Mi corazón no daba crédito al ruinoso estado del recinto. Era desgarrador el ver cómo aquel campo estaba sembrado de plásticos, botellas y bolsas por doquier, había sido transformado por el “bienestar” del ser humano. No me entraba en la cabeza que, un lugar, donde se suponía que se realizaba una fiesta deportiva, lúdica, que gira en torno a un río y se supone le rinde culto (elemento clave de la Madre Naturaleza), fuera atacado de tal manera.
Hablamos de gestos. A estos campistas, por llamarlos de alguna manera, no les tembló la mano a la hora de plantar las piquetas de sus tiendas de campaña y de dejar la huella en aquel entorno.
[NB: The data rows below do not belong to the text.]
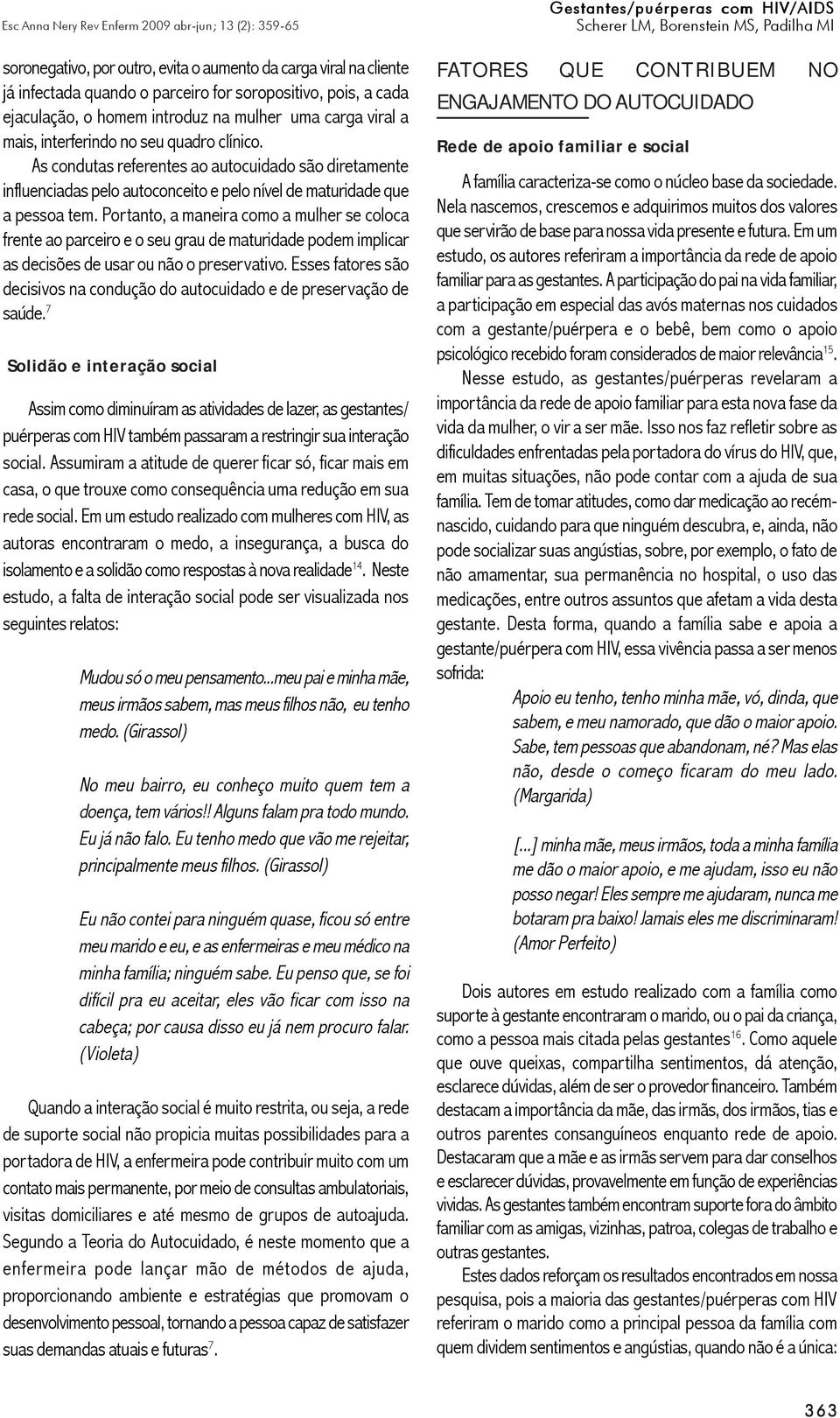 Portanto, a maneira como a mulher se coloca frente ao parceiro e o seu grau de maturidade podem implicar as decisões de usar ou não o preservativo.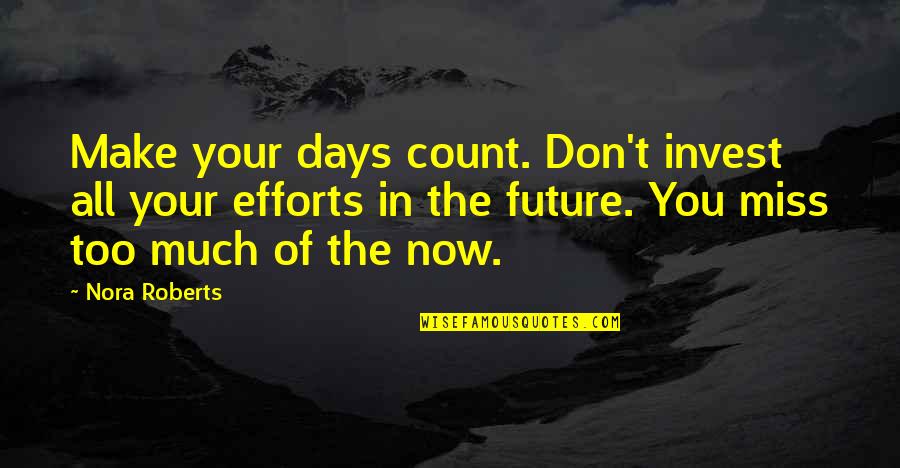 Don Miss You Quotes By Nora Roberts: Make your days count. Don't invest all your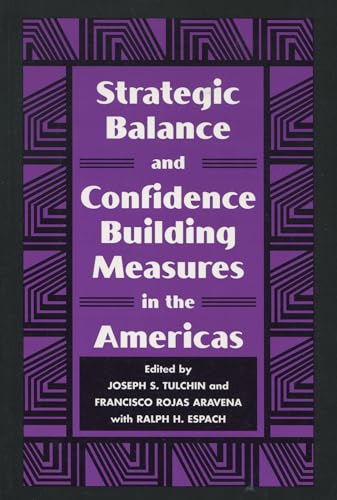 Stock image for Strategic Balance and Confidence Building Measures in the Americas for sale by Alphaville Books, Inc.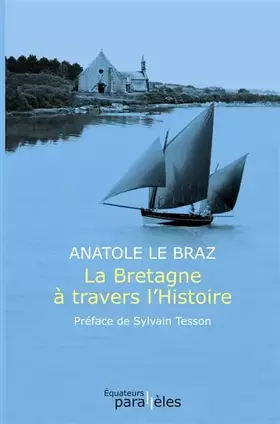 Couverture du produit · LA BRETAGNE A TRAVERS L'HISTOIRE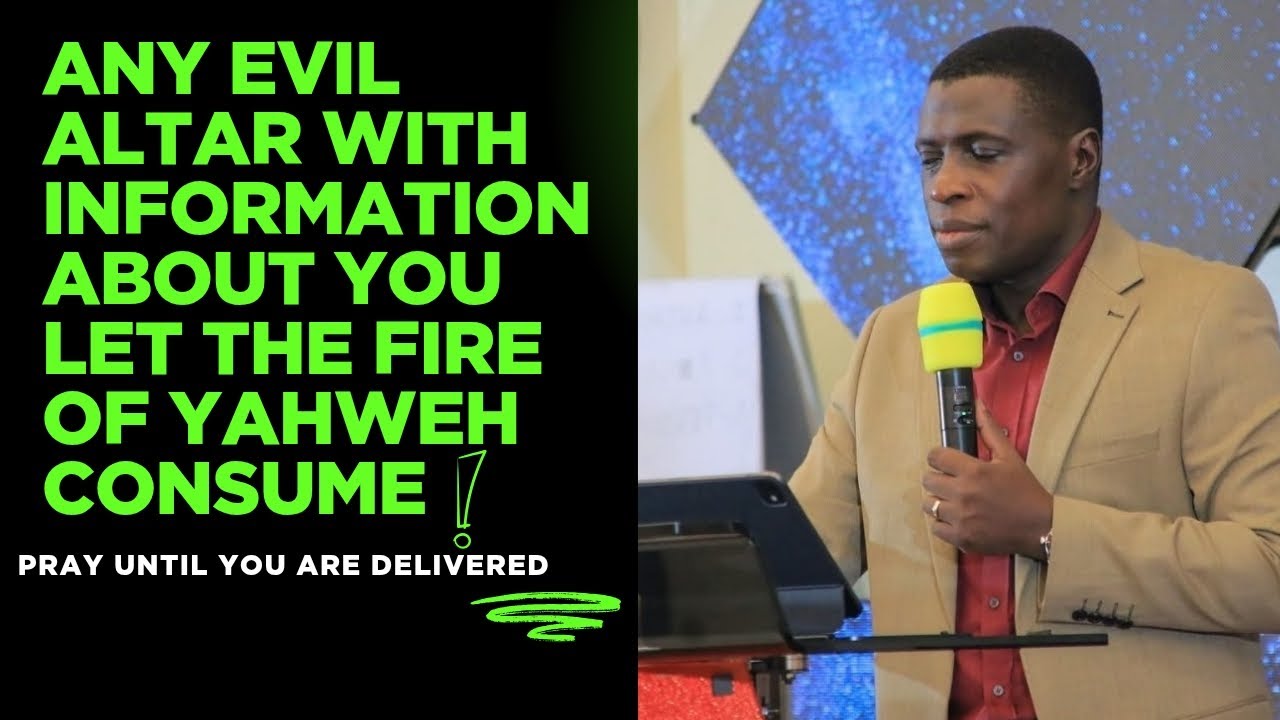 ANY AND ALL EVIL ALTARS WITH YOUR NAME LET THE FIRE OF YAHWEEH CONSUME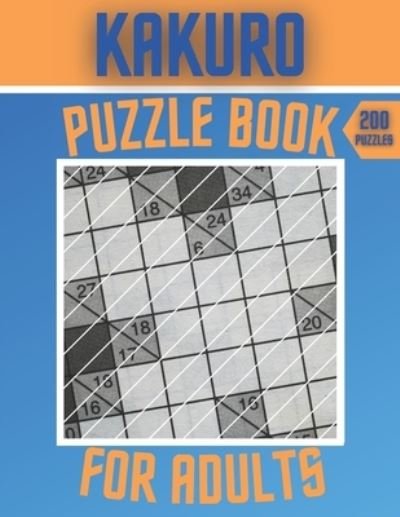 Cover for Botebbok Edition · Kakuro Puzzle Book For Adults 200 Puzzles (Pocketbok) (2020)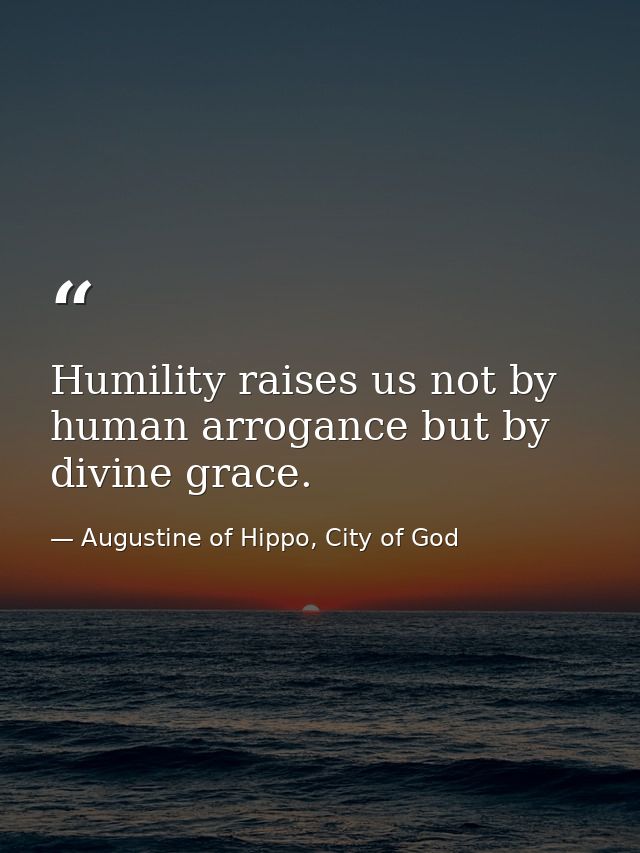 Humility raises us not by human arrogance but by divine grace. — Augustine of Hippo, City of God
Vivieron allí unos días y no supieron ni recoger su propia inmundicia. Qué falta de tacto para quien te acoge…
Seguro que todos tenemos más ejemplos de este calibre… Las malditas colillas en la arena de la playa o, las incendiarias, en cualquier cuneta, las latas en los ríos, el macarra que lanza alegremente la bolsa de plástico en el campo…
Cambio de escenario. Estuve pasando el día en una impoluta estación de trenes madrileña observando la curiosa mecánica de depositar un desecho en una papelera. No fue mi principal labor esa jornada, pero me dediqué a observar gestos también. El cubo en cuestión estaba compartimentado en tres, con los colores correspondientes al tipo de basura que caería en ellos: naranja (orgánico), azul (papel) y amarillo (plástico).
Era curioso ver las distintas reacciones de los viajeros de Chamartín ante el hecho de depositar su desecho. La gran mayoría, por sus reacciones, esperaban un cubo, con un solo orificio donde “encestar” su residuo. Marcha hacia el cubo, acercamiento, alzada de mano y… congelación del tiro in extremis. Posteriormente, el ejercicio de ser responsable (el tirar el desperdicio a una papelera es ya un buen ejercicio de correcta ciudadanía) tomaba distintos caminos, dependiendo de las decisiones del actor.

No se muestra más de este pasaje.